-- TASK OBJECTIVE --
Since only part of the material below is wanted, output exactly the lines from the one with "Covered patio overlooking" up to and including the one with "man taking a".
START RECORDS SHOWN
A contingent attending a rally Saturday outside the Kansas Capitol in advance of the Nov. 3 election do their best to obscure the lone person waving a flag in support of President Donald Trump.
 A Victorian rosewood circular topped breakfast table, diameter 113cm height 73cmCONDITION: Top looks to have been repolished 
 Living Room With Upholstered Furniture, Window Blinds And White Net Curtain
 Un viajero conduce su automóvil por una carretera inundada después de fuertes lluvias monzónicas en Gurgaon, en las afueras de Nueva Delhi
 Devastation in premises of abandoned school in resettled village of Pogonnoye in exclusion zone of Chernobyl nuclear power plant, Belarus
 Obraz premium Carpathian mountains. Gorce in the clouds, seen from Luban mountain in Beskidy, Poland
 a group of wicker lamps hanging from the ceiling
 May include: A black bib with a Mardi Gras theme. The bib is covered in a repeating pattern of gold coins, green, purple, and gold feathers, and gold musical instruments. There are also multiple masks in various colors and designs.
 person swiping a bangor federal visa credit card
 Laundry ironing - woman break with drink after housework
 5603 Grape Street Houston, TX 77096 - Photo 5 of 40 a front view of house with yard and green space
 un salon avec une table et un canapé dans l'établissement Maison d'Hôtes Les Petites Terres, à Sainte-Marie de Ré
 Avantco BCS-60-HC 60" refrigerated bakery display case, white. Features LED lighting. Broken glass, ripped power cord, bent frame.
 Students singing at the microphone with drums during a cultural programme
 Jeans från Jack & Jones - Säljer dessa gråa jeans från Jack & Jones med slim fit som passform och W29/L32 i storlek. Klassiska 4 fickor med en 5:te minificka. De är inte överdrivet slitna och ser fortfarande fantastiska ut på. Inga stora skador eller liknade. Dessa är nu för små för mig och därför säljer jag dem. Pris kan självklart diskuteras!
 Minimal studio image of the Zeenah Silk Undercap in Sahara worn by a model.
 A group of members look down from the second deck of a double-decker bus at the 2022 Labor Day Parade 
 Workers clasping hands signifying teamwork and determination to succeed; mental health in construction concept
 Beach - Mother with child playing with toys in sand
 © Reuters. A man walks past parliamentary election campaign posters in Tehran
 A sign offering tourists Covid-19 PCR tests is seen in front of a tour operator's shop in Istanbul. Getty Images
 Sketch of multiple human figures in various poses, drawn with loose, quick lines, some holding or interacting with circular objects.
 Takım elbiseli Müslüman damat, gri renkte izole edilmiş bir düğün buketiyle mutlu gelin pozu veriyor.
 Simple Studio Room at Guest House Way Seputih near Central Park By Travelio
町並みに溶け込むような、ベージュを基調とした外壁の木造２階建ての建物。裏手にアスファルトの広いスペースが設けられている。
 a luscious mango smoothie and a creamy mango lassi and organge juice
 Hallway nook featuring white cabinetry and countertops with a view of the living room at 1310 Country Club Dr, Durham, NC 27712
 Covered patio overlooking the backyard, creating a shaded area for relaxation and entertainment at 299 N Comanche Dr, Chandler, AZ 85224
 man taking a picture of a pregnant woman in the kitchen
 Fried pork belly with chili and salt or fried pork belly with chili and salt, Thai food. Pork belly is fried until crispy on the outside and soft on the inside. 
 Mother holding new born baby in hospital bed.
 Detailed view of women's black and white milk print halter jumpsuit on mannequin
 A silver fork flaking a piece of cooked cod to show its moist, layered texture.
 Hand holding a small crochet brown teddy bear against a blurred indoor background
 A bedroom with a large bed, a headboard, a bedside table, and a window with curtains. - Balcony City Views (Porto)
END RECORDS SHOWN
-- ANSWER SECTION --
 Covered patio overlooking the backyard, creating a shaded area for relaxation and entertainment at 299 N Comanche Dr, Chandler, AZ 85224
 man taking a picture of a pregnant woman in the kitchen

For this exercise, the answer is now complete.